* [MATERIAL PROVIDED]:
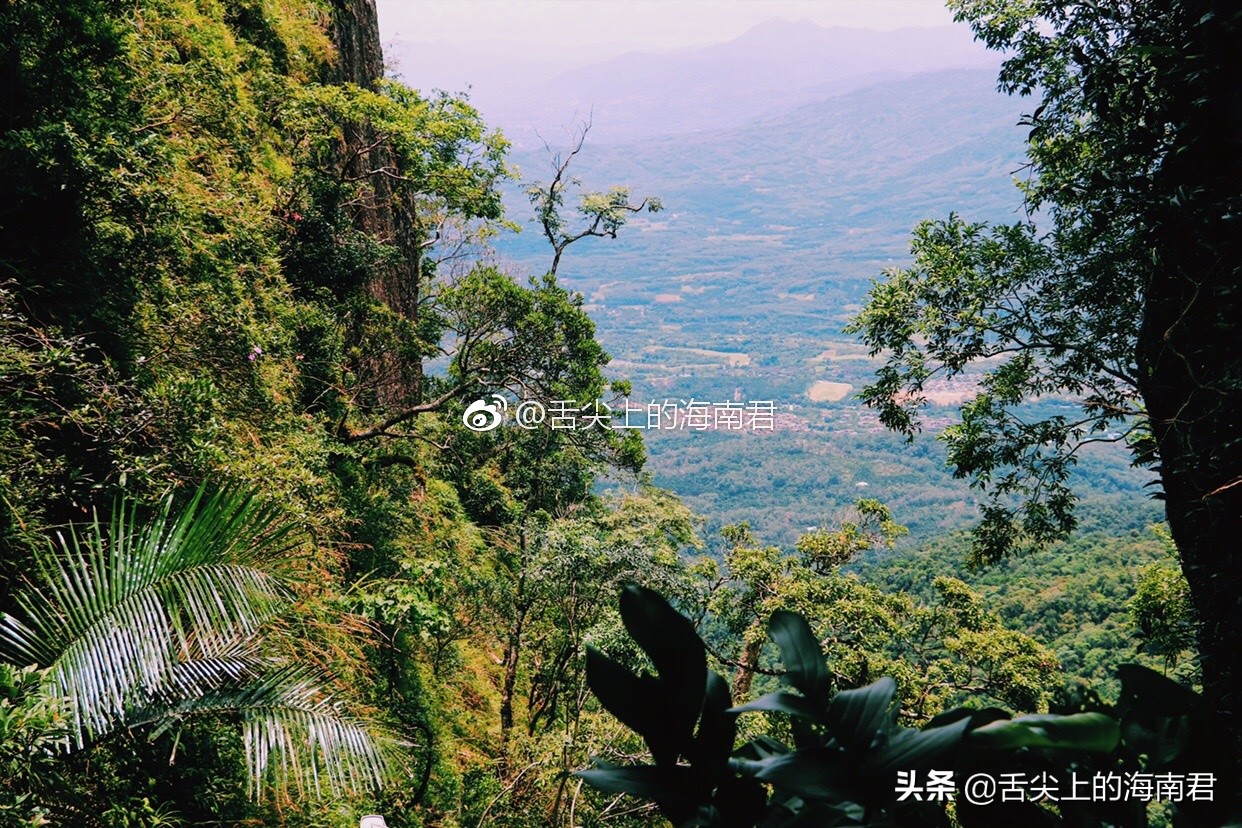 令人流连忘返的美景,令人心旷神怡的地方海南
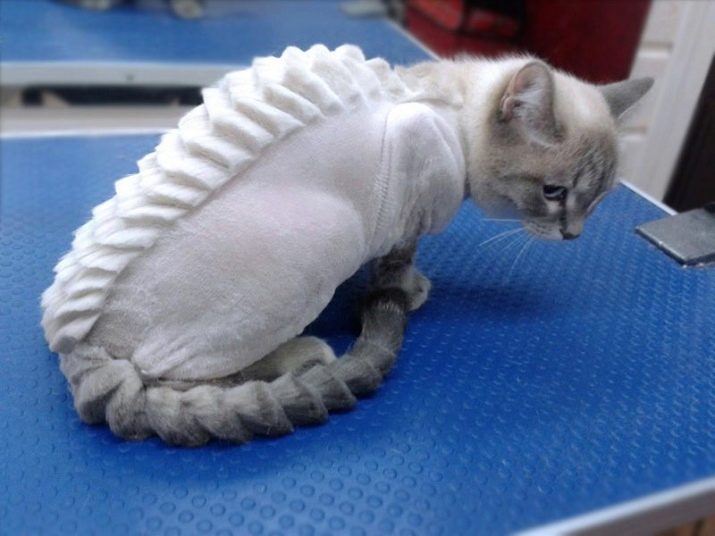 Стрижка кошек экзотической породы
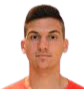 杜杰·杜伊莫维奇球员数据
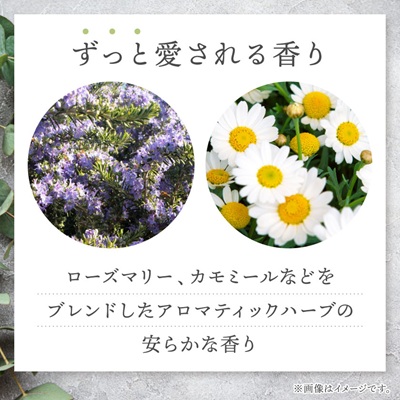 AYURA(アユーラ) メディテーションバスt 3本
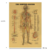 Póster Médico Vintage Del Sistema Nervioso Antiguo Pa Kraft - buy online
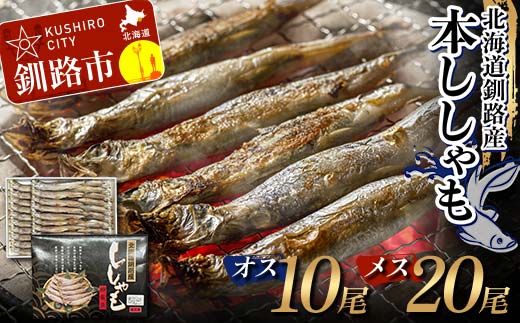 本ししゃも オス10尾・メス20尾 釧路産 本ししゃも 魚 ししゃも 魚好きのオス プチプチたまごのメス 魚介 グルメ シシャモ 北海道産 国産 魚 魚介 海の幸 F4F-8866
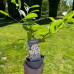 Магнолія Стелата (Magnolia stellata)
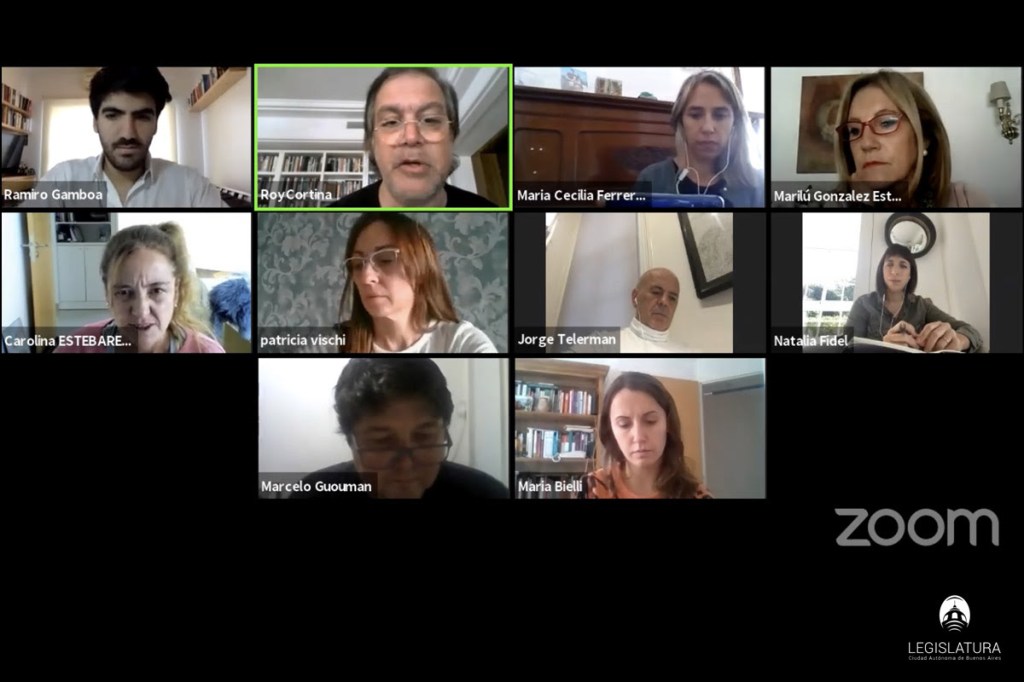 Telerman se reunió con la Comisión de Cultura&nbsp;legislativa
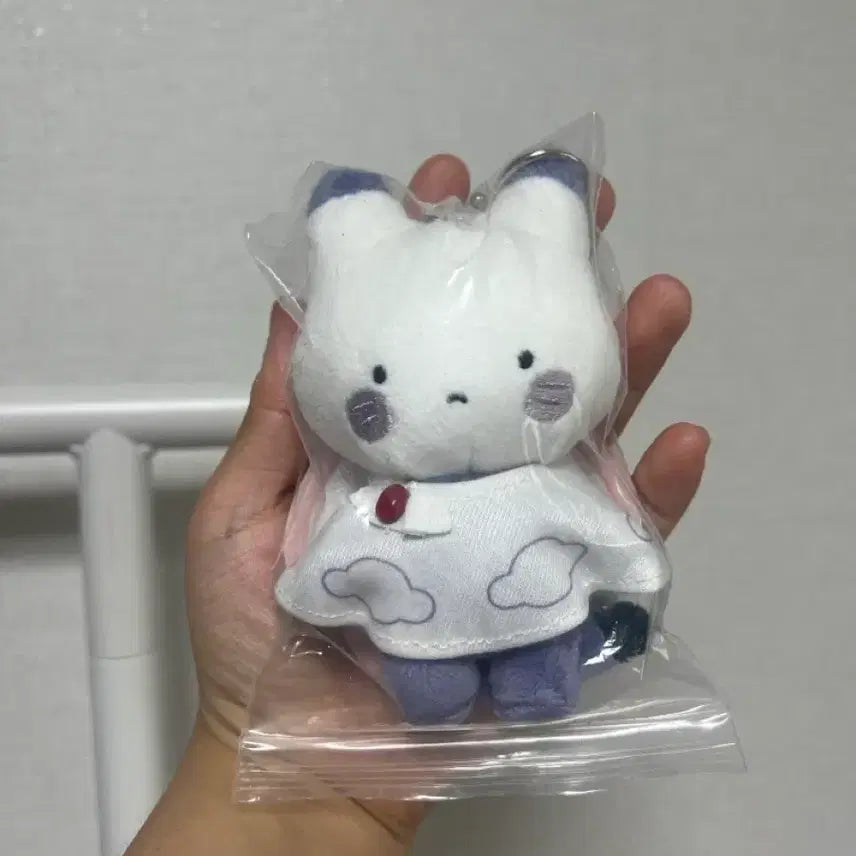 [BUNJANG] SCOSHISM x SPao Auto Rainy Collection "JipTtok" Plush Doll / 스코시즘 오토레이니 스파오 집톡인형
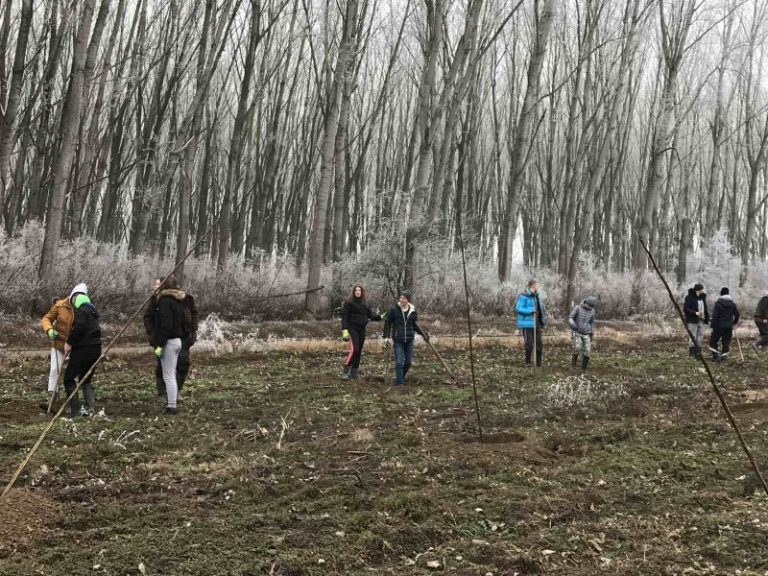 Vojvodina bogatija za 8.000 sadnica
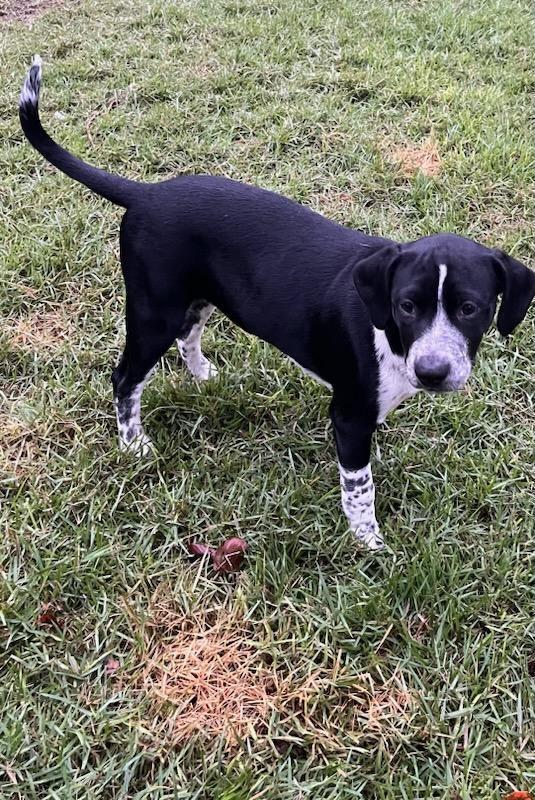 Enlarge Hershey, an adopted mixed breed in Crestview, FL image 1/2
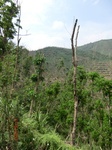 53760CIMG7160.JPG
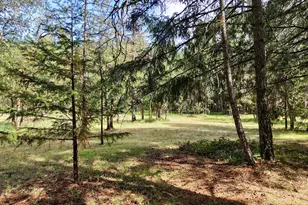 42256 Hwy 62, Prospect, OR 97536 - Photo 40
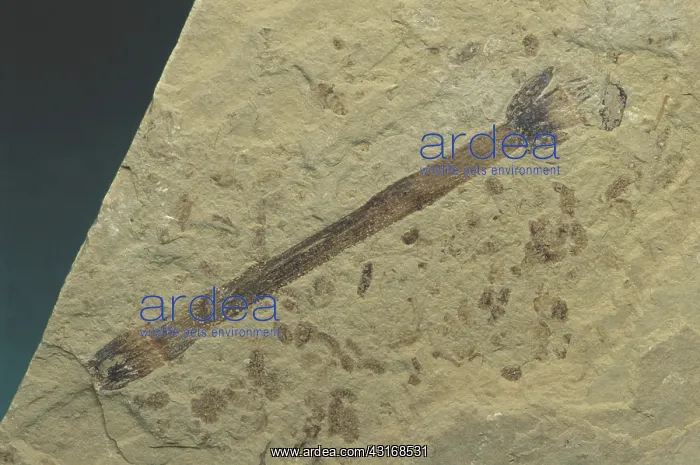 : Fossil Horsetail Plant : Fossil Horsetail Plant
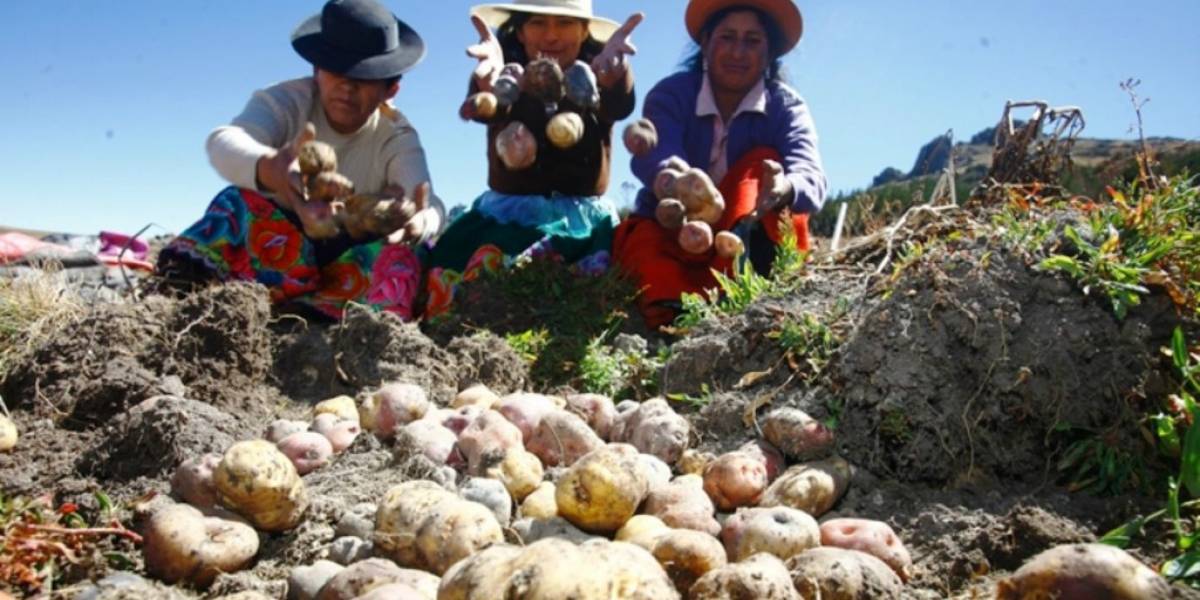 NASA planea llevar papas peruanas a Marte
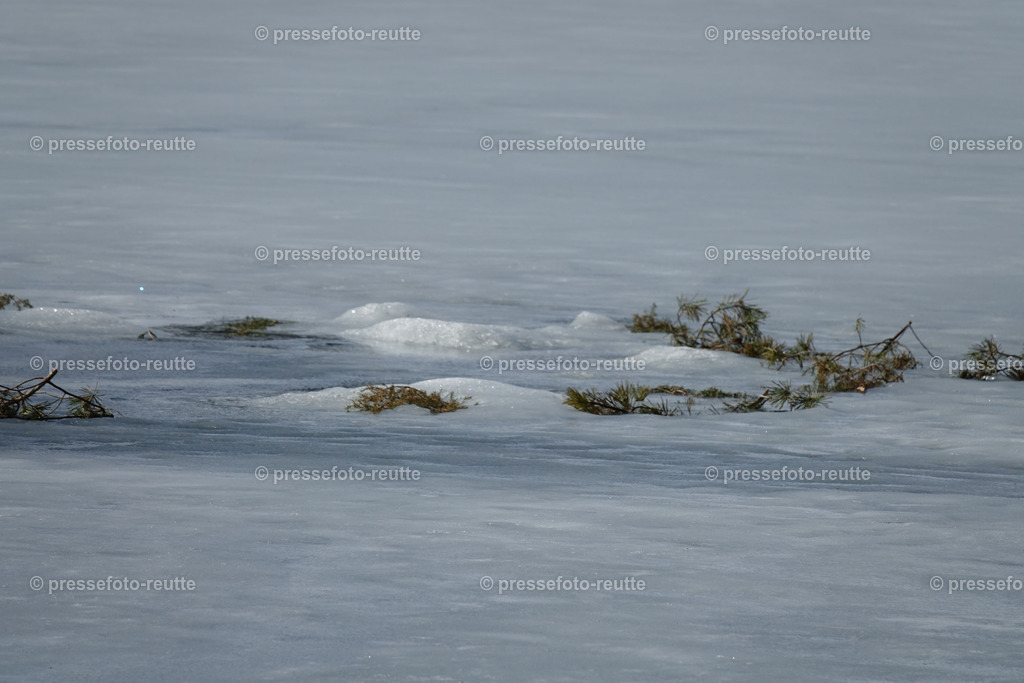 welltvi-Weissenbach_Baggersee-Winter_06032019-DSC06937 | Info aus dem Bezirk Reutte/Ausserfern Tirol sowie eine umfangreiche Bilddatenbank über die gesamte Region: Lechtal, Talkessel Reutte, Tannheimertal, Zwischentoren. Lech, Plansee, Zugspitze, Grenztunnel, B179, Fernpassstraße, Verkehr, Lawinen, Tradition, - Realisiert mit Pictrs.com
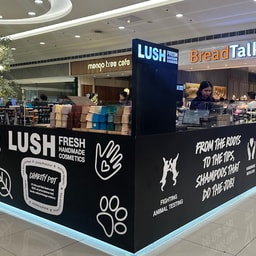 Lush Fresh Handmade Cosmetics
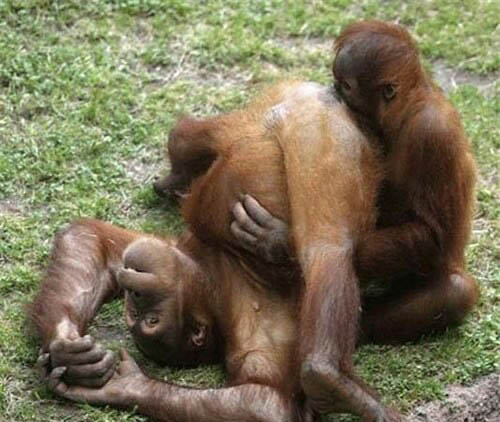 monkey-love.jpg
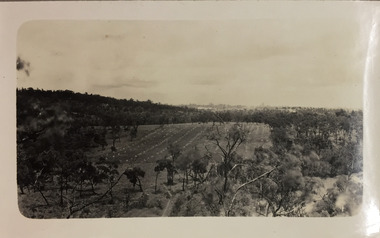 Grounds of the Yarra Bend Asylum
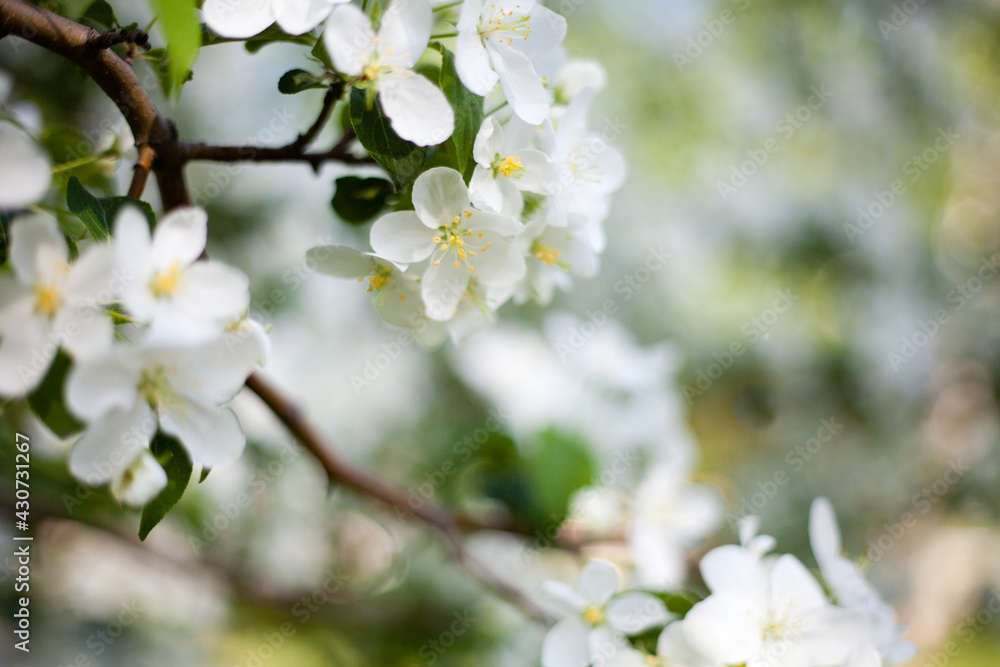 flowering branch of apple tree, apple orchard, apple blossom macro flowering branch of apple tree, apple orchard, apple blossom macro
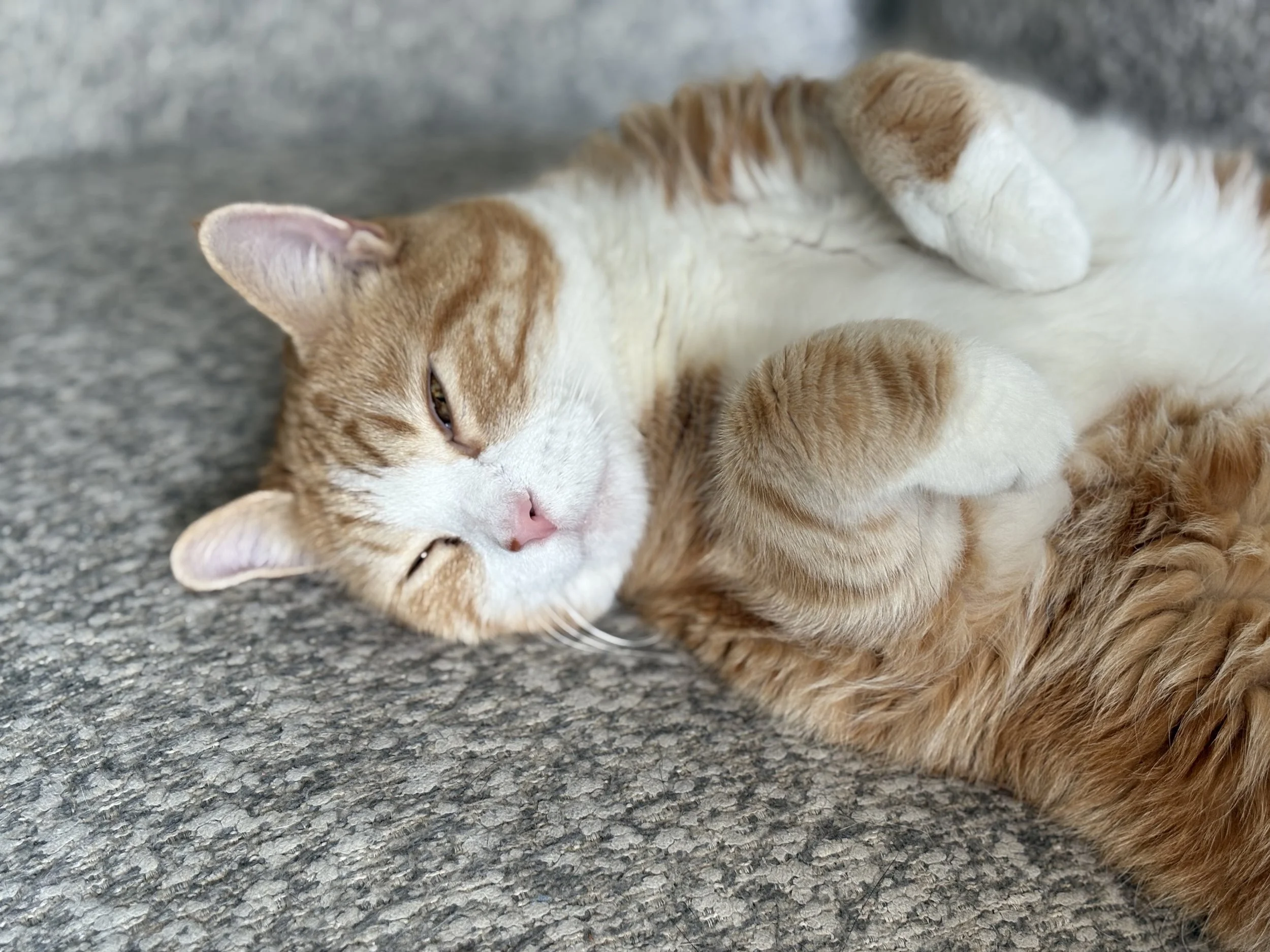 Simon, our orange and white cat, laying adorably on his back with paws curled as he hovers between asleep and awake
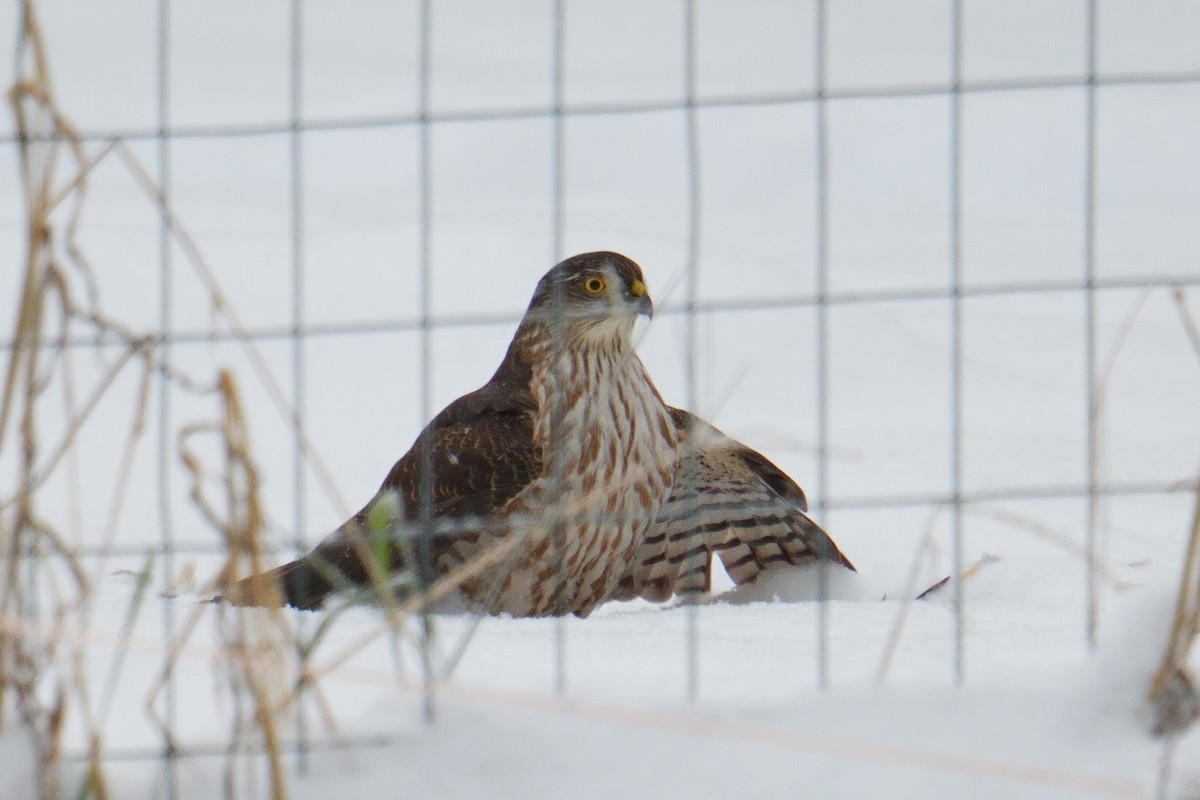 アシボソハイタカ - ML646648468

* [REQUIRED ACTION]: Emit the lines of the material exactly, from its first line to the line containing "Telerman se reunió", inclusive; leave every picture out.

* [REPLY]:
 令人流连忘返的美景,令人心旷神怡的地方海南
 Стрижка кошек экзотической породы
 杜杰·杜伊莫维奇球员数据
 AYURA(アユーラ) メディテーションバスt 3本
 Póster Médico Vintage Del Sistema Nervioso Antiguo Pa Kraft - buy online
 本ししゃも オス10尾・メス20尾 釧路産 本ししゃも 魚 ししゃも 魚好きのオス プチプチたまごのメス 魚介 グルメ シシャモ 北海道産 国産 魚 魚介 海の幸 F4F-8866
 Магнолія Стелата (Magnolia stellata)
 Telerman se reunió con la Comisión de Cultura&nbsp;legislativa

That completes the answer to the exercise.